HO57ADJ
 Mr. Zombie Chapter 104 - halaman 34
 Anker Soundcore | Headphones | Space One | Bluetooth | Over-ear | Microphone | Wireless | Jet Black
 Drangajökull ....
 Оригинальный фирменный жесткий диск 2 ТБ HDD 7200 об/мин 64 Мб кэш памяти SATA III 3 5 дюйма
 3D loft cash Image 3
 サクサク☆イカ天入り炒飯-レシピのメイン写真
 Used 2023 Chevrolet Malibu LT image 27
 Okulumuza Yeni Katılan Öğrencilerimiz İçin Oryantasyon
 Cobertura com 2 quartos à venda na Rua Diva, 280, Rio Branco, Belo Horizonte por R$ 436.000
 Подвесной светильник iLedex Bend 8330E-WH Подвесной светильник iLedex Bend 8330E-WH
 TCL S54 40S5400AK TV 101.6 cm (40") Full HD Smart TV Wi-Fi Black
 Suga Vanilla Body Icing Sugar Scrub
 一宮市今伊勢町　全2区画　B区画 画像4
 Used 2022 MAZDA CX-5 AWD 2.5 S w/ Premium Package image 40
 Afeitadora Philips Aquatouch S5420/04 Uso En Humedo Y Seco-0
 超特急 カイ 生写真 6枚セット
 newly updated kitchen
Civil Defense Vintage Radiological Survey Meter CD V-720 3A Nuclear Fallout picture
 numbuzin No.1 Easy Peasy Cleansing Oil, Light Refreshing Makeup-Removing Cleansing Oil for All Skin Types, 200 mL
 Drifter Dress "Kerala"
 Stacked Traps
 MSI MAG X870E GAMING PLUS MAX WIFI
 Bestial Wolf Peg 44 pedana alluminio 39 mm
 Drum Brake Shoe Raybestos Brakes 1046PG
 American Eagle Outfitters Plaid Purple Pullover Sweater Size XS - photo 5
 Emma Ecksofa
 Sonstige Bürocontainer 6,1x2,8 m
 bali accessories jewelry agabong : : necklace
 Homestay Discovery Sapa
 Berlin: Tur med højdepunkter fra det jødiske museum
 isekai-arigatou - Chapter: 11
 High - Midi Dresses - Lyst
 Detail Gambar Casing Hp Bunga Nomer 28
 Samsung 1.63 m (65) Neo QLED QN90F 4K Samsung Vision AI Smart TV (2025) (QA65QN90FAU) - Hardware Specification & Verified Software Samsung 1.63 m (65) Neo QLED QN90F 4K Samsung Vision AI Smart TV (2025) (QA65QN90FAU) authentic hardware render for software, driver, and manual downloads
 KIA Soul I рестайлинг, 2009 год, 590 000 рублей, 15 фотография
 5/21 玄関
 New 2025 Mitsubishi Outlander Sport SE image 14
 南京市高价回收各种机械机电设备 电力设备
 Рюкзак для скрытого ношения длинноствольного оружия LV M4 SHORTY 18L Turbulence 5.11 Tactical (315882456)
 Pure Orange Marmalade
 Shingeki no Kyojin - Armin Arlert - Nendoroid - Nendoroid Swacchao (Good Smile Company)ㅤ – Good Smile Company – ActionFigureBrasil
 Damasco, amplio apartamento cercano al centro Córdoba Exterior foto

────────────────────

▸ **Exercise details**
Give back exactly the lines above starting at the line where "Mr. Zombie Chapter 104 - halaman 34" appears and ending at the line where "Civil Defense Vintage" appears, both included, with no other lines.

▸ **Written answer**
 Mr. Zombie Chapter 104 - halaman 34
 Anker Soundcore | Headphones | Space One | Bluetooth | Over-ear | Microphone | Wireless | Jet Black
 Drangajökull ....
 Оригинальный фирменный жесткий диск 2 ТБ HDD 7200 об/мин 64 Мб кэш памяти SATA III 3 5 дюйма
 3D loft cash Image 3
 サクサク☆イカ天入り炒飯-レシピのメイン写真
 Used 2023 Chevrolet Malibu LT image 27
 Okulumuza Yeni Katılan Öğrencilerimiz İçin Oryantasyon
 Cobertura com 2 quartos à venda na Rua Diva, 280, Rio Branco, Belo Horizonte por R$ 436.000
 Подвесной светильник iLedex Bend 8330E-WH Подвесной светильник iLedex Bend 8330E-WH
 TCL S54 40S5400AK TV 101.6 cm (40") Full HD Smart TV Wi-Fi Black
 Suga Vanilla Body Icing Sugar Scrub
 一宮市今伊勢町　全2区画　B区画 画像4
 Used 2022 MAZDA CX-5 AWD 2.5 S w/ Premium Package image 40
 Afeitadora Philips Aquatouch S5420/04 Uso En Humedo Y Seco-0
 超特急 カイ 生写真 6枚セット
 newly updated kitchen
Civil Defense Vintage Radiological Survey Meter CD V-720 3A Nuclear Fallout picture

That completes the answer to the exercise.